» WHAT TO WORK ON
All records must be quoted exactly. Omit the pictures.

BEGIN RECORDS SUPPLIED

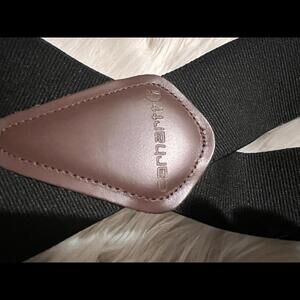 Carhartt Adjustable Black Suspenders with Leather Accents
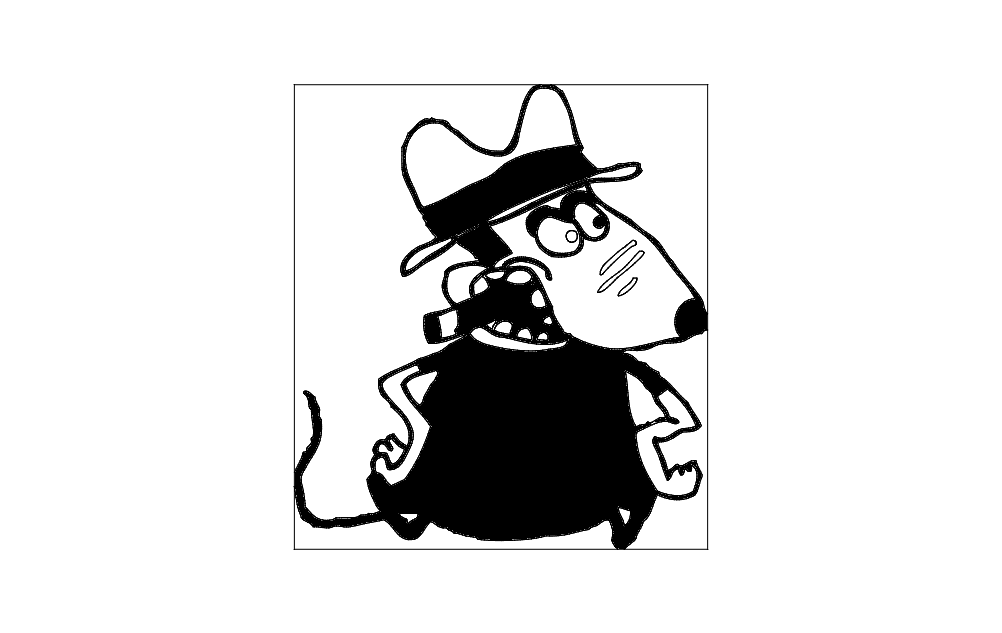 Gangster Rat Cartoon Character DXF Vector File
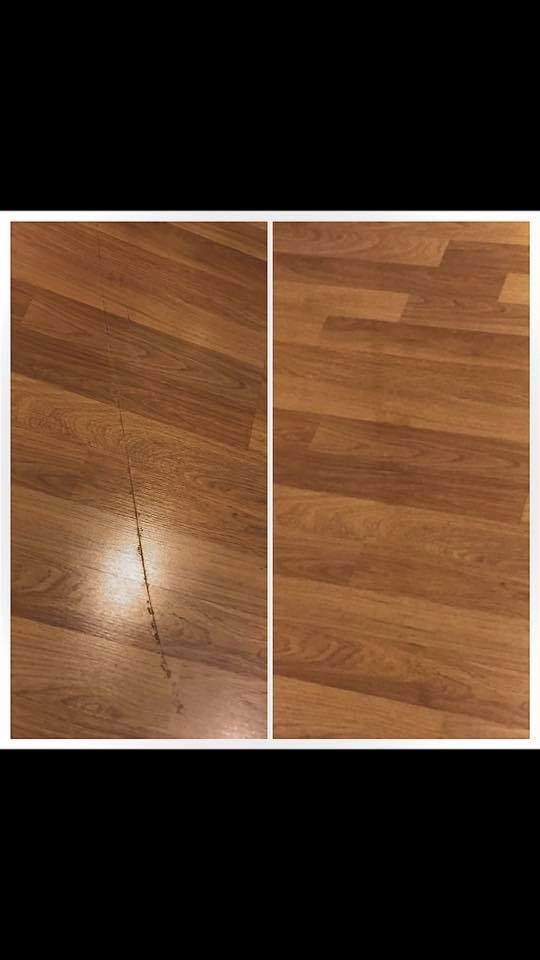Porównanie uszkodzonej i naprawionej podłogi laminowanej w Ostrowie Wielkopolskim, widoczna długa szczelina przed naprawą i gładka powierzchnia po renowacji.
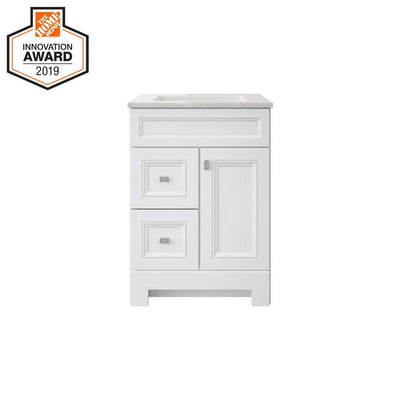 Sedgewood 24-1/2 in. W Bath Vanity in White with Solid Surface Technology Vanity Top in Arctic with White Sink - Super Arbor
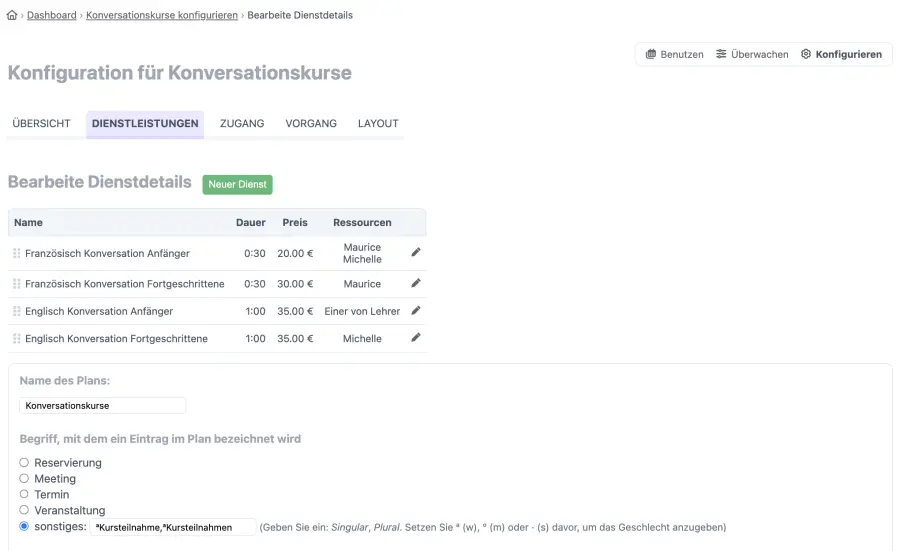 Sprachschule Service Verwaltung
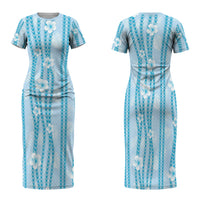 Hawaii Queen Liliuokalani Family Matching Short Sleeve Bodycon Dress and Hawaiian Shirt Blue Lei Pua Kalaunu LT05 Mom's Dress Blue - Polynesian Pride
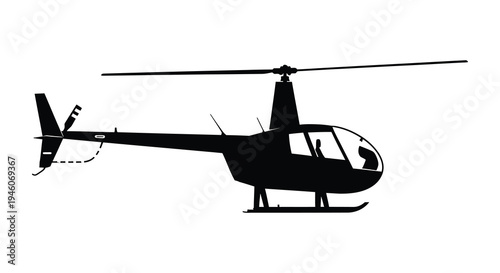 Silhouette of a black helicopter with visible rotor and tail boom details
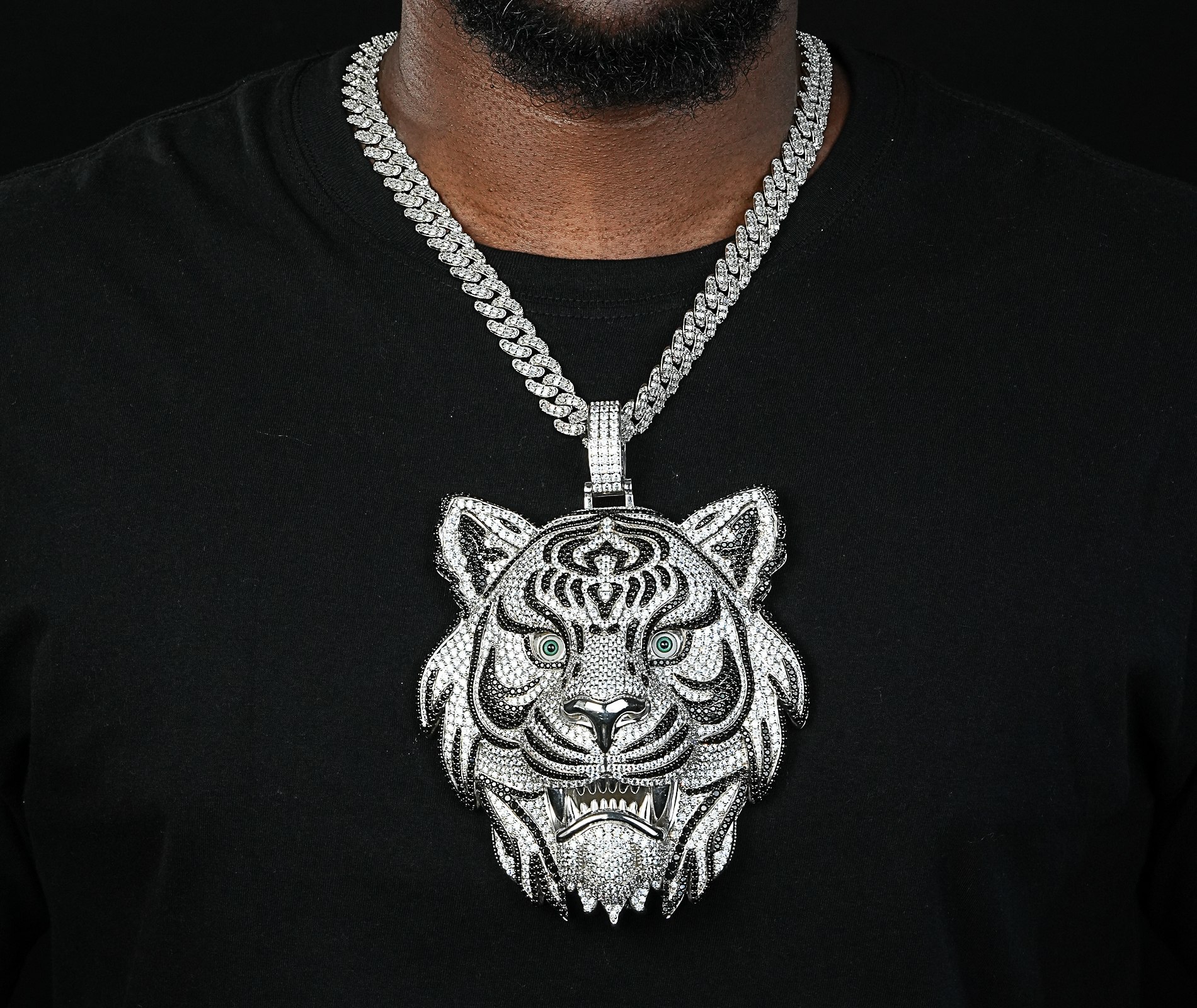 Shining Star Jewelry Custom Animal Tiger Pendant Mens Moissanite Diamond Pendant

END RECORDS SUPPLIED

» PROBLEM SOLUTION
 Carhartt Adjustable Black Suspenders with Leather Accents
 Gangster Rat Cartoon Character DXF Vector File
Porównanie uszkodzonej i naprawionej podłogi laminowanej w Ostrowie Wielkopolskim, widoczna długa szczelina przed naprawą i gładka powierzchnia po renowacji.
 Sedgewood 24-1/2 in. W Bath Vanity in White with Solid Surface Technology Vanity Top in Arctic with White Sink - Super Arbor
 Sprachschule Service Verwaltung
 Hawaii Queen Liliuokalani Family Matching Short Sleeve Bodycon Dress and Hawaiian Shirt Blue Lei Pua Kalaunu LT05 Mom's Dress Blue - Polynesian Pride
 Silhouette of a black helicopter with visible rotor and tail boom details
 Shining Star Jewelry Custom Animal Tiger Pendant Mens Moissanite Diamond Pendant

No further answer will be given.